The horrible question, now, is whether such a horrible sacrifice will actually affect policy, or whether it will be calmly assimilated into the status quo. Self-immolations always make a moral statement; it is unclear whether they make a material difference.

America is no stranger to political violence. But usually, it comes from the right. Mass shootings are routinely carried out in public in America by men with far-right political agendas, who massacre church worshippers, grocery shoppers or high school students in the service of a cause; the death toll from these explicitly political atrocities has been assimilated into our social fabric, hardly registered as assaults made on behalf of a movement. Meanwhile, far-right militias, from the polo-wearing Proud Boys to the masked and khakied Patriot Front, hold parades meant to intimidate their political enemies and the populations they consider undesirable. Sometimes, they threaten or beat people; sometimes, they surround state capitols with guns on display. Once, they stormed the Capitol. Rightwing political violence is likely to shape the 2024 election, and barring the emergence of a dramatically different political settlement, it will be a feature of American life for the foreseeable future.

But the left, by contrast, is a much less violent group. There was incidental property violence at Occupy and during the 2020 Black Lives Matter protests; every now and then, during the Trump administration, some black-clad anarchists would show up at a Nazi rally and throw a punch. But this violence is sporadic, not programmatic; it is neither a primary feature nor an end of the American left. Self-immolations are an exception: a kind of violence the left commits. But these, too, are different from rightwing violence in one morally crucial respect: those who commit self-immolation do not kill anyone but themselves.

Why has the left not produced more political violence? You would think that the more violent side would be the more desperate side – the ones who are always losing. Perhaps the gap is simply because conservatives are so heavily armed.
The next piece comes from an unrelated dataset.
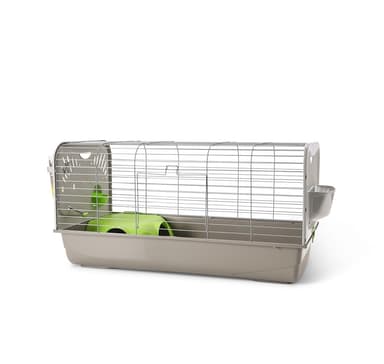 Cage Caesar 3 Knock Down 100x50x51cm silver/varm grå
But I also like to think that violence is often not compatible with leftwing projects – which are, after all, about human value and dignity, about principle and repair, about a better future. However foreclosed the possibilities seem, however hopeless the struggle for justice may appear, there remains a possibility for a better world so long as those of us committed to one remain here on earth, struggling. It is our loss that Aaron Bushnell is no longer here to struggle with us.